Review Data Ingestion and Modeling Phases
After completing this unit, you’ll be able to:
- Examine how data is ingested into Customer 360 Audiences.
- Apply basic data modeling concepts to your account.
Phase 1: Data Ingestion
In the overview we indicated that the data is first ingested from the source and stored in our system in a data source object, but we didn’t get into the details of how you can actually connect and access data in the source system. Data is retrieved from the source by way of a Connector. Connectors literally connect to the location where your data sources reside, establishing a communication between servers, so that your data can be continually accessed. Data Streams assist the connectors in that they dictate how often and when the connections should be established. And they also assist with actually populating the data into the data source object once the connector gains access.
The following connectors are available to Customer 360 Audiences users.
- Marketing Cloud Email Studio
- Marketing Cloud MobileConnect
- Marketing Cloud MobilePush
- Marketing Cloud Data Extensions
- Sales and Service Cloud
- AWS S3
Marketing Cloud Email Studio, MobileConnect, and MobilePush
Customer 360 Audiences provides starter data bundles that give you predefined data sets for email and mobile. Because these are all known system tables, these bundles take you all the way from step (1) importing the data set as-is to step (2) introducing it automatically to the data model layer. Which means within a few clicks, you are ready to get to work on your business use cases. The behavioral, engagement-oriented data sets retrieved by these connectors are refreshed hourly; the profile data sets are refreshed daily.

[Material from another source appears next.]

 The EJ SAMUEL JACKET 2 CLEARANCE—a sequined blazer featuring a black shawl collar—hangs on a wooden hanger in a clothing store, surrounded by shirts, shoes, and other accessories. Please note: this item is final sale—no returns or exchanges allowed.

Marketing Cloud Data Extensions
You can also access custom data sets via Marketing Cloud Data Extensions. For example, you can use this connector to ingest ecommerce or survey data that you’ve already imported into Marketing Cloud. Simply provision your Marketing Cloud instance in Customer 360 Audiences after which point you’ll see the list of Data Extensions that can be brought in. Depending on how you choose to export your data extension from Marketing Cloud—Full Refresh or New/Updated Data Only—the data will be retrieved by the connector daily for the former option or hourly for the latter option. Keep in mind that unlike the starter data bundles, which both (1) import the data and (2) model the data for you, with this connector you must complete the modeling step yourself, since the data set is custom.
Sales and Service Cloud
Once you authenticate your Sales and Service Cloud instance, you can choose one object per data stream to connect to your Customer 360 Audiences account, either by selecting from a list of available objects or searching. The data is refreshed hourly, and once a week there’s also a full refresh of the data.

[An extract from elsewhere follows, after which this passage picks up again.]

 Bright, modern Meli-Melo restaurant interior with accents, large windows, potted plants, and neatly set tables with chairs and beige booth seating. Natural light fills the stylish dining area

This option creates a data stream from data stored on an Amazon Web Services S3 location. The connector accommodates custom data sets and you have the option to retrieve data hourly, daily, weekly, or monthly. As with custom data sets, the connector completes the (1) import step, and you subsequently (2) map the data to the model.
For any one of these connectors, the Refresh History tab is a good resource to validate that the data is being retrieved at the expected cadence and without errors. Should there be a retrieval error, the Status column (shown in the following image) provides more information about the error.

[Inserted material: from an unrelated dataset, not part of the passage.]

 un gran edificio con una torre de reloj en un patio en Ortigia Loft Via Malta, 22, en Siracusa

Extend Using Formula Fields
Connectors fetch the original shape of the data by retrieving the full source field list, and you can create additional calculated fields if you choose. For example, if the connector retrieves an age field as a raw number and you want to band the data into age groups like 18–24 years, 25–34 years, 35–44 years, 45+ years, you can achieve that by adding a new formula. The formula is a combination of IF statements as well as <and, or> operators—to the data source object that is derived from the age source field.
There are several formula functions you can use. They fall into four categories.
- Text manipulation
- For example: EXTRACT(), FIND(), LEFT(), SUBSTITUTE()
- Type conversions
- For example: ABS(), MD5(), NUMBER(), PARSEDATE()
- Date calculations
- For example: DATE(), DATEDIFF(), DAYPRECISION()
- Logical expressions
- For example: (IF(), AND(), OR(), NOT()
Phase 2: Data Modeling
We mentioned that once all the data streams are ingested into the system, there’s a source-to-target mapping experience that utilizes the Cloud Information Model (CIM) to normalize the data sources. For example, you can use the CIM’s notion of an Individual ID to tag the source field corresponding to the individual who purchased a device (one data stream), called about a service issue (another data stream), received a replacement (yet another data stream)—and then review every event in the customer journey (yep, one more data stream). Data mapping helps you draw the lines between the applicable fields in the data sources to help tie everything together. Pay special attention to attributes like names, email addresses, and phone numbers (or similar identifiers). This information helps you link an individual’s data together and ultimately build a unified profile of the customer. But everything has a place and a connection to something else—you just need to draw the line.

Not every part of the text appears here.